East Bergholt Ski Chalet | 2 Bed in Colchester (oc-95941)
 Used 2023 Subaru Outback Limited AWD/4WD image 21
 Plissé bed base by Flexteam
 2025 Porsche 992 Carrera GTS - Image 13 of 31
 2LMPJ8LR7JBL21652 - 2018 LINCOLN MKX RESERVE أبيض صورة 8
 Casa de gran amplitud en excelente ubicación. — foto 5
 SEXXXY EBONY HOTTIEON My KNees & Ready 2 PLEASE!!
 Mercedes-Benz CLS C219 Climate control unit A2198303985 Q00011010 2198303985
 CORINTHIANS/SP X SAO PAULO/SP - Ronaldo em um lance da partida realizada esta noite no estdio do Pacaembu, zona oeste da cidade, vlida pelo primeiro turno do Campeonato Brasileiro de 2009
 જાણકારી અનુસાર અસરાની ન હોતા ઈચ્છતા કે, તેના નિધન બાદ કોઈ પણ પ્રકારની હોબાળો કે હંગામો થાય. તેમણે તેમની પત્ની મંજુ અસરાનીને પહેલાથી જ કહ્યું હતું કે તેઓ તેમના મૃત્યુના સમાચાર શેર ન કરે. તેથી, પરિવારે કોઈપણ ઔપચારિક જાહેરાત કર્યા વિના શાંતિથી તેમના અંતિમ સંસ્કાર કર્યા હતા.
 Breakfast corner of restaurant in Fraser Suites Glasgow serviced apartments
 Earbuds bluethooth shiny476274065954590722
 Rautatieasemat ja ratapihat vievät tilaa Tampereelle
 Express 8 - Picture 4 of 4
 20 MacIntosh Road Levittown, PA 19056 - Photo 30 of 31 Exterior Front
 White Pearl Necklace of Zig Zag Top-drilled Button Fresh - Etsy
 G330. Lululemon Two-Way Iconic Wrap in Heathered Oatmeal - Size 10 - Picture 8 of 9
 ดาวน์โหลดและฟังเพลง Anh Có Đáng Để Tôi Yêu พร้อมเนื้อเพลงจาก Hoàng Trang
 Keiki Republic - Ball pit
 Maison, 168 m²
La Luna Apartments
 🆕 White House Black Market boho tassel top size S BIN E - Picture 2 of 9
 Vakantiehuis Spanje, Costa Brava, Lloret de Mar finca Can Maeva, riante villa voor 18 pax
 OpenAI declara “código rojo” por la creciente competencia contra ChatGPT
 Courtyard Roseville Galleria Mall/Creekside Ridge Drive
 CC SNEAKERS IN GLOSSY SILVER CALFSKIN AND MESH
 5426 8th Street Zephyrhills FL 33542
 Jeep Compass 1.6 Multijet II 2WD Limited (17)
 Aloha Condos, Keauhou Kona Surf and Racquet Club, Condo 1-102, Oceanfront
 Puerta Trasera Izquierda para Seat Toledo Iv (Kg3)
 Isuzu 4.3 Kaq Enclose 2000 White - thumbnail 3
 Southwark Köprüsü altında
------
■ **WORK ORDER**
Reproduce each line of the data without any change.

■ **SOLUTION**
East Bergholt Ski Chalet | 2 Bed in Colchester (oc-95941)
 Used 2023 Subaru Outback Limited AWD/4WD image 21
 Plissé bed base by Flexteam
 2025 Porsche 992 Carrera GTS - Image 13 of 31
 2LMPJ8LR7JBL21652 - 2018 LINCOLN MKX RESERVE أبيض صورة 8
 Casa de gran amplitud en excelente ubicación. — foto 5
 SEXXXY EBONY HOTTIEON My KNees & Ready 2 PLEASE!!
 Mercedes-Benz CLS C219 Climate control unit A2198303985 Q00011010 2198303985
 CORINTHIANS/SP X SAO PAULO/SP - Ronaldo em um lance da partida realizada esta noite no estdio do Pacaembu, zona oeste da cidade, vlida pelo primeiro turno do Campeonato Brasileiro de 2009
 જાણકારી અનુસાર અસરાની ન હોતા ઈચ્છતા કે, તેના નિધન બાદ કોઈ પણ પ્રકારની હોબાળો કે હંગામો થાય. તેમણે તેમની પત્ની મંજુ અસરાનીને પહેલાથી જ કહ્યું હતું કે તેઓ તેમના મૃત્યુના સમાચાર શેર ન કરે. તેથી, પરિવારે કોઈપણ ઔપચારિક જાહેરાત કર્યા વિના શાંતિથી તેમના અંતિમ સંસ્કાર કર્યા હતા.
 Breakfast corner of restaurant in Fraser Suites Glasgow serviced apartments
 Earbuds bluethooth shiny476274065954590722
 Rautatieasemat ja ratapihat vievät tilaa Tampereelle
 Express 8 - Picture 4 of 4
 20 MacIntosh Road Levittown, PA 19056 - Photo 30 of 31 Exterior Front
 White Pearl Necklace of Zig Zag Top-drilled Button Fresh - Etsy
 G330. Lululemon Two-Way Iconic Wrap in Heathered Oatmeal - Size 10 - Picture 8 of 9
 ดาวน์โหลดและฟังเพลง Anh Có Đáng Để Tôi Yêu พร้อมเนื้อเพลงจาก Hoàng Trang
 Keiki Republic - Ball pit
 Maison, 168 m²
La Luna Apartments
 🆕 White House Black Market boho tassel top size S BIN E - Picture 2 of 9
 Vakantiehuis Spanje, Costa Brava, Lloret de Mar finca Can Maeva, riante villa voor 18 pax
 OpenAI declara “código rojo” por la creciente competencia contra ChatGPT
 Courtyard Roseville Galleria Mall/Creekside Ridge Drive
 CC SNEAKERS IN GLOSSY SILVER CALFSKIN AND MESH
 5426 8th Street Zephyrhills FL 33542
 Jeep Compass 1.6 Multijet II 2WD Limited (17)
 Aloha Condos, Keauhou Kona Surf and Racquet Club, Condo 1-102, Oceanfront
 Puerta Trasera Izquierda para Seat Toledo Iv (Kg3)
 Isuzu 4.3 Kaq Enclose 2000 White - thumbnail 3
 Southwark Köprüsü altında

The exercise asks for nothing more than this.